======== Material for this task

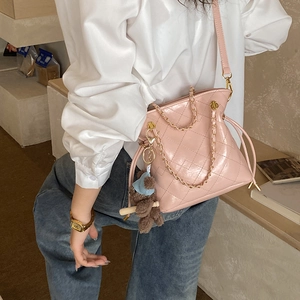 Detail of pink quilted bucket bag with chain handle and cute teddy bear charm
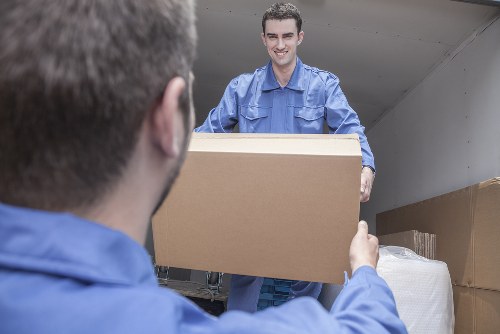 Van loading safely with moving equipment and protective materials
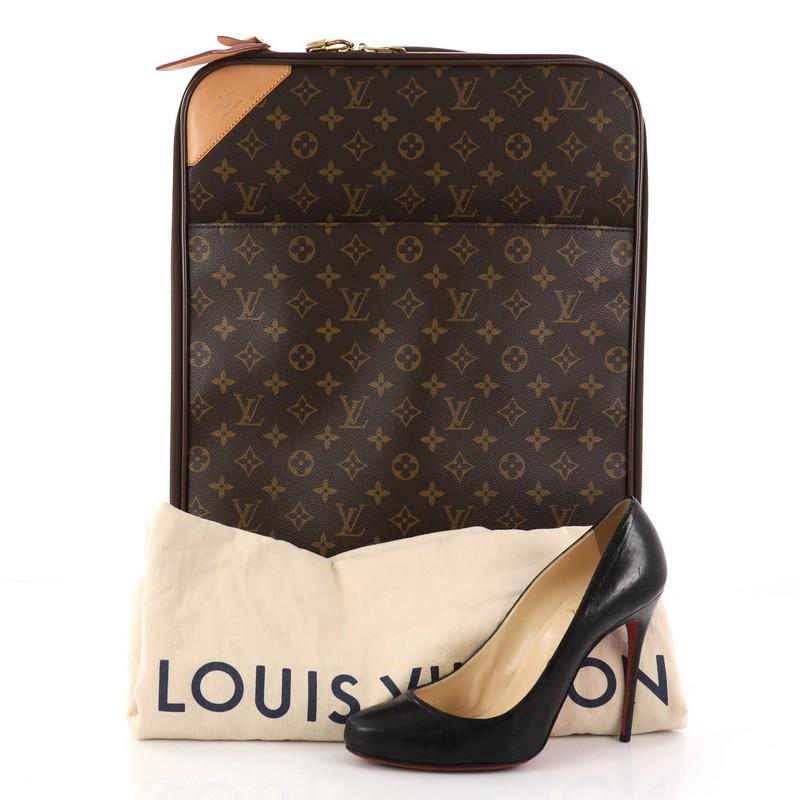 This authentic Louis Vuitton Pegase Luggage Monogram Canvas 45 is a sleek and sturdy suitcase for all your travels. Crafted from Louis Vuitton's iconic brown monogram coated canvas, this functional luggage features cowhide leather trimmings,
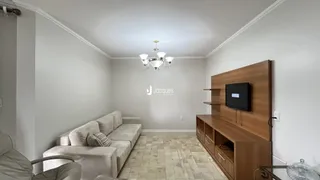 Sala de estar com sofá e painel de madeira na residência.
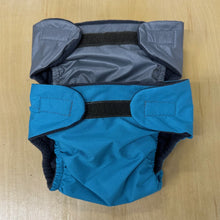 Load image into Gallery viewer, Blue and grey baby diapers with black velcro on a wooden surface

================

*To do*
Print, exactly as written, the lines above from the first one to the one containing "Van loading safely". Leave out pictures.

*Output for this task*
 Detail of pink quilted bucket bag with chain handle and cute teddy bear charm
 Van loading safely with moving equipment and protective materials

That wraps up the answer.